What to do - Of the records below, reproduce only the span that opens with the line containing "this 650×400 image." and closes with the last line.

Extracted data -
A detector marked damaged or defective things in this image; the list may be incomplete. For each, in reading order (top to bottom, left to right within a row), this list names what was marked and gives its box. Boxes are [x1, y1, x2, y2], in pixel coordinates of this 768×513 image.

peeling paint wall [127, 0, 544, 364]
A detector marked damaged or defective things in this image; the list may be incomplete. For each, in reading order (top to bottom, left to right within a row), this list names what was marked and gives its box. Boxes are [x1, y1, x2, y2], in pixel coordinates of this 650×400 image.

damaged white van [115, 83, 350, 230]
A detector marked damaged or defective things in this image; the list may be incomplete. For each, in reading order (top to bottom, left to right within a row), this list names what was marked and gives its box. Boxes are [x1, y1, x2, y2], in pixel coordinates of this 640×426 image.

Answer below -
A detector marked damaged or defective things in this image; the list may be incomplete. For each, in reading order (top to bottom, left to right within a row), this list names what was marked and gives its box. Boxes are [x1, y1, x2, y2], in pixel coordinates of this 650×400 image.

damaged white van [115, 83, 350, 230]
A detector marked damaged or defective things in this image; the list may be incomplete. For each, in reading order (top to bottom, left to right within a row), this list names what was marked and gives its box. Boxes are [x1, y1, x2, y2], in pixel coordinates of this 640×426 image.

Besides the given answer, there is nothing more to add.